Understanding needed as behavioral health issues increase


Our state has a behavioral health crisis and it’s not going away. It is estimated that more than 53% of Massachusetts residents experience behavioral health issues. This includes children, teens, adults, seniors and veterans. They represent all levels of income and education, profession and occupation.

No one is immune to this medical problem, often caused by trauma, chemical imbalance, heredity, or the daily challenges we face. People with behavioral health issues have a real medical condition that deserves our respect, understanding, and support rather than mocking, belittling, or castigating them for their behavior.

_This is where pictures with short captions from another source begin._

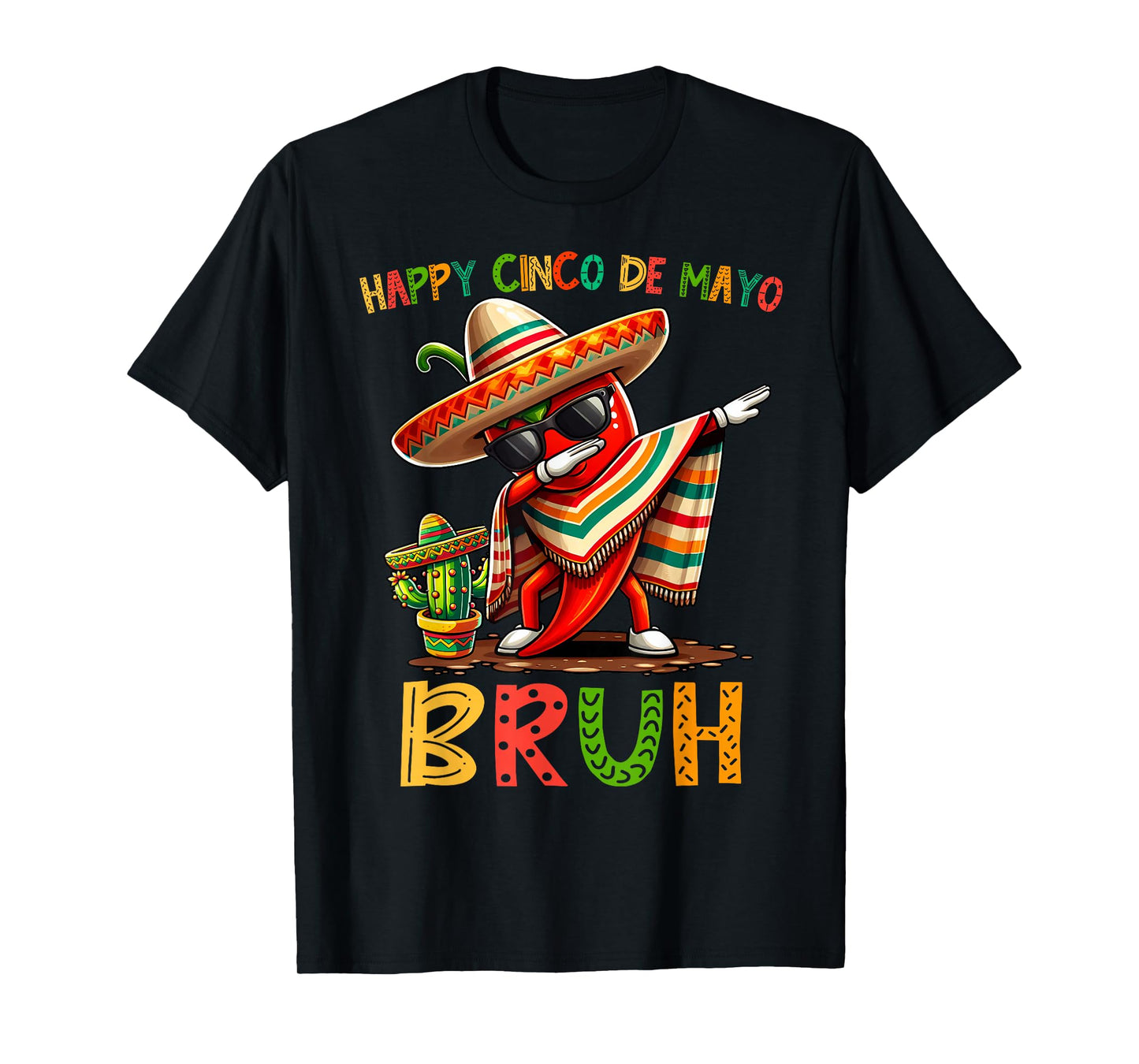 Dabbing Chili Mexican Food Men Women Happy Cinco de Mayo T-Shirt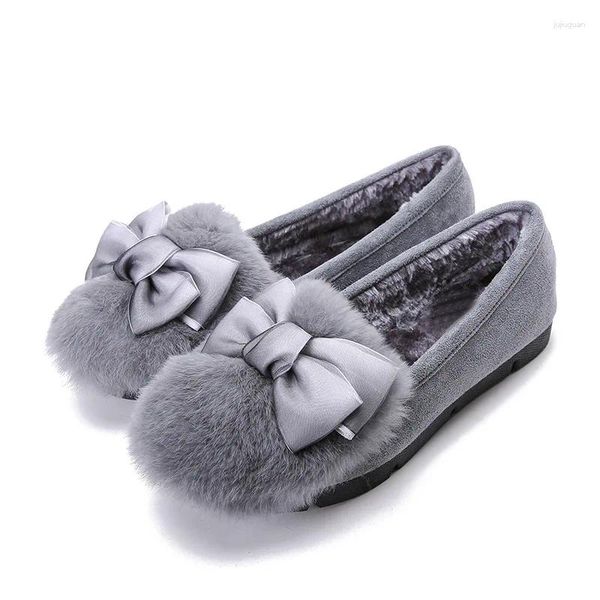 Chaussures décontractées mocassins de fourrure en peluche femme dentelle nœud nœud épais à grande taille coton chaud coton dames glisser sur les bottes de neige à la cheville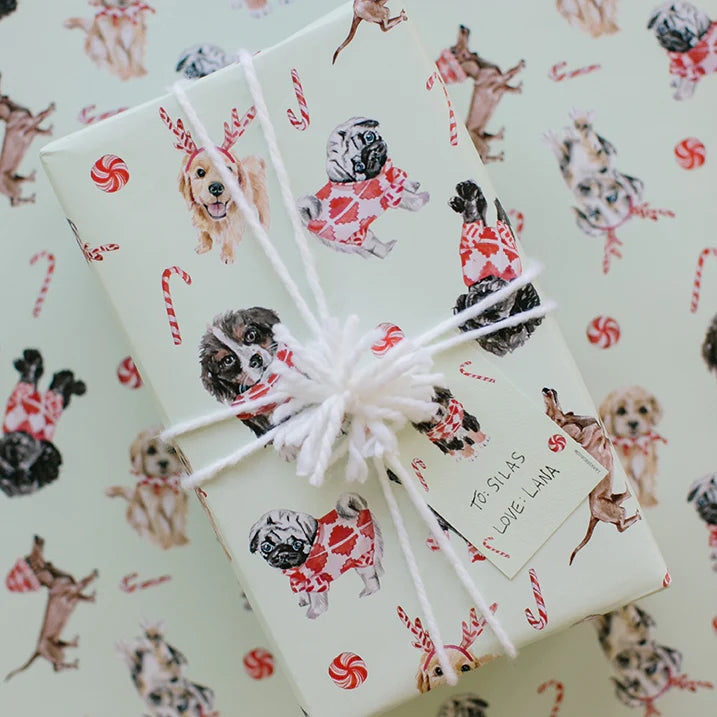 Lana's Shop - Mint Christmas Puppy Dog Gift Wrap Roll | Putti Christmas Canada 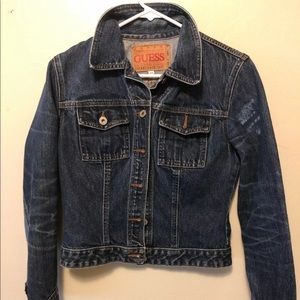 Guess dark denim jacket size medium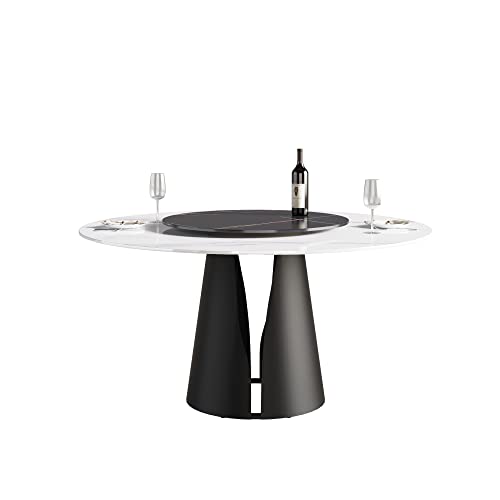 Sdorens Modern Round Dining Table for 8, White Sintered Stone Tabletop, Lazy Susan, Kitchen Table with Round Black Carbon Steel Base, 59"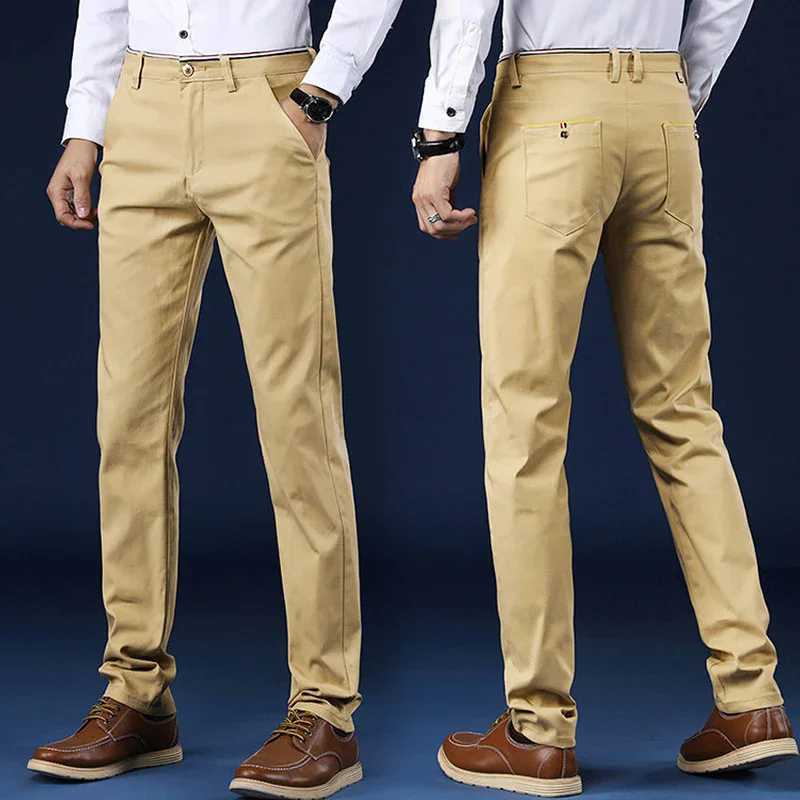 Classic style mens spring and summer thin casual pants fashionable business pure cotton solid color office pants high-quality mens pants W240919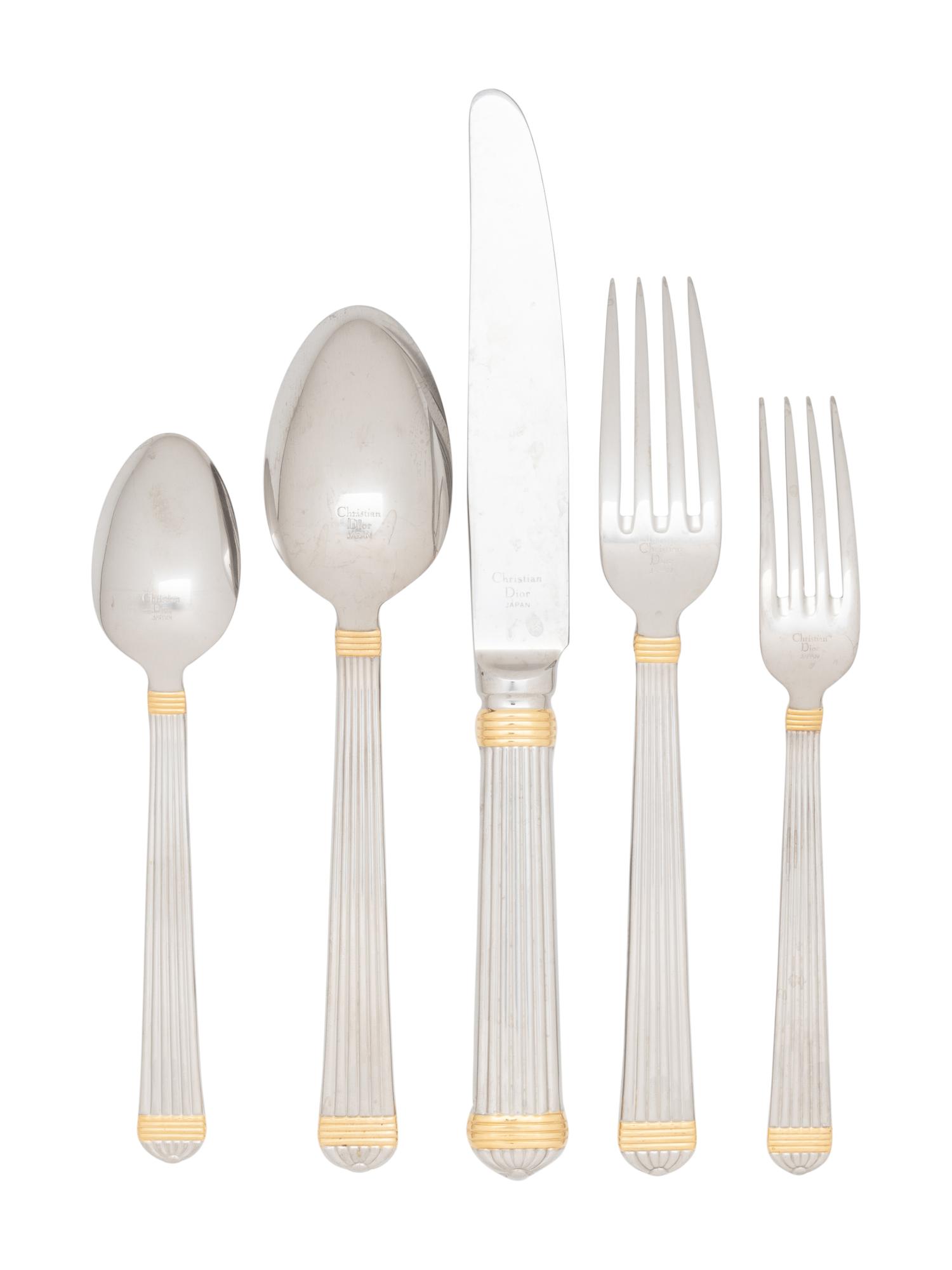 A Christian Dior Gaudron Stainless Steel Flatware Service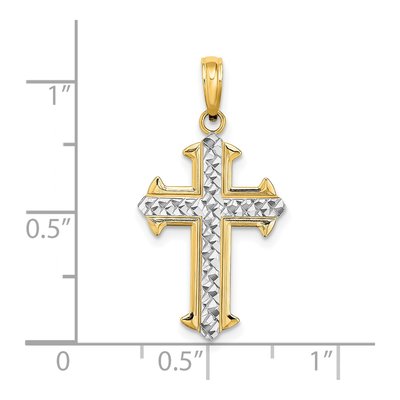 14K Yellow Gold Diamond-Cut Cross Charm – view 4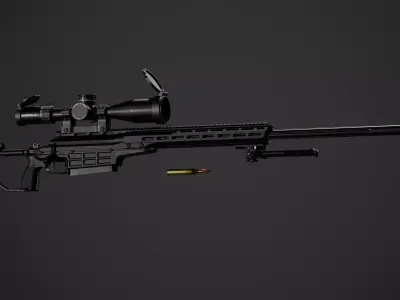 375 Sniper Rifle Low-poly 3D model
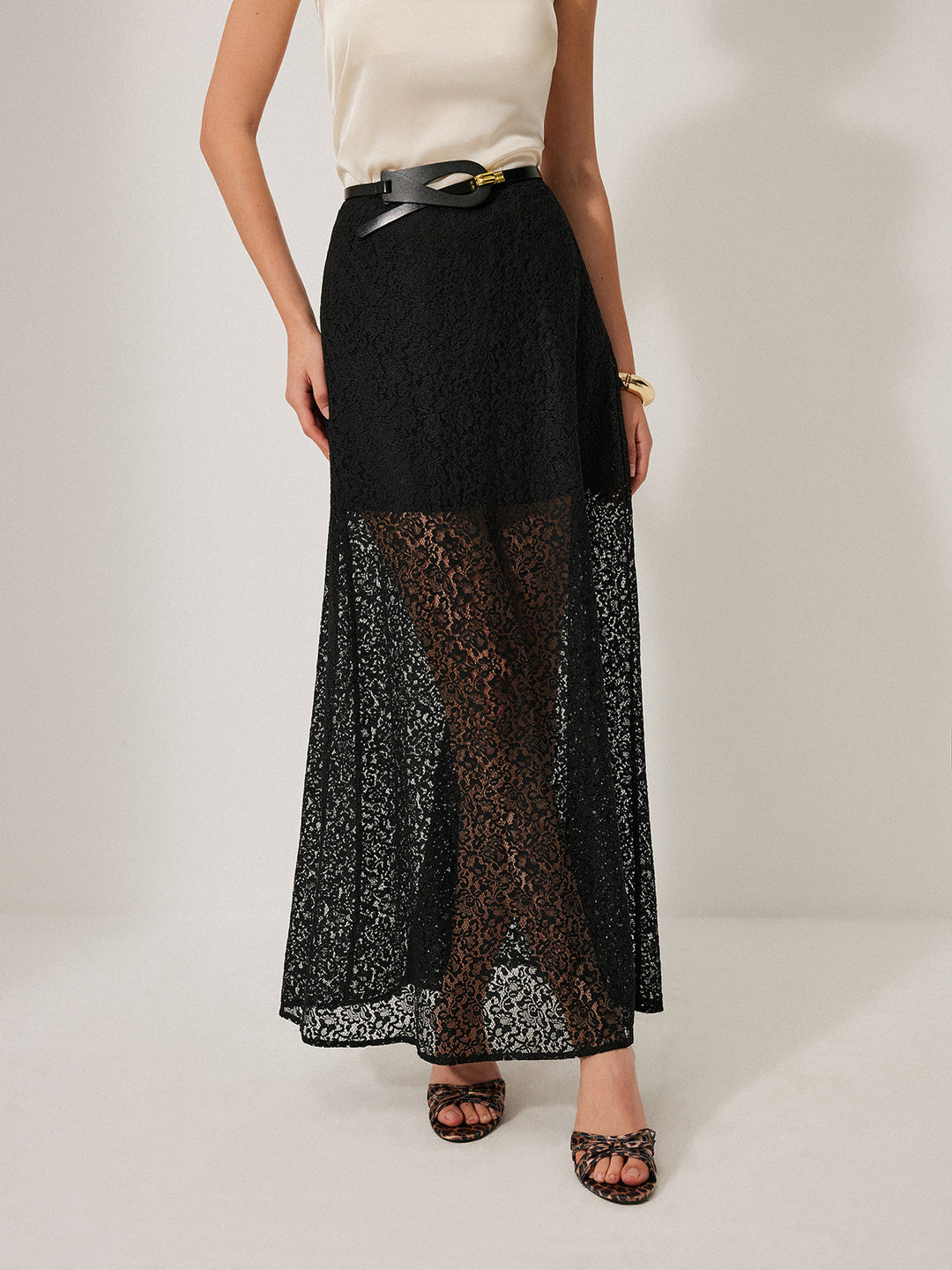 Semi-Sheer Lace Skirt Without Belt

I remember talking to a Marine veteran in his late twenties who, after eight years in the Corps, came home with many medals for his heroism, including the Purple Heart. He continued to experience and manifest fits of rage and anger, sometimes when he least expected it. He was a really nice guy, a brave warrior who cared about those around him. Unfortunately, his behavior annoyed many of his friends, even though the VA Medical System prescribed various drugs to stop his aggression. It was unfortunate that his friends didn’t really understand or respect the medical challenge he faced or the fact that he often had no control over his anger. He now has his problems under control, but not before damage is done to his personal and family relationships.

Currently, mental health clinicians are overwhelmed to help their current patients; new patients requesting appointments have to wait weeks or even months for help. Hospital emergency departments have seen an alarming increase in the number of people of all ages seeking urgent help. There are times when children are held in an emergency room for days while waiting for a proper mental health bed. To address the severity of this health crisis, Tufts Medicine plans to build a 144-bed behavioral hospital in Malden and a growing number of police departments are providing additional training for their officers on how to treat people in acute emotional distress. , as well as mental disorders. health clinicians partner with officers at the scene.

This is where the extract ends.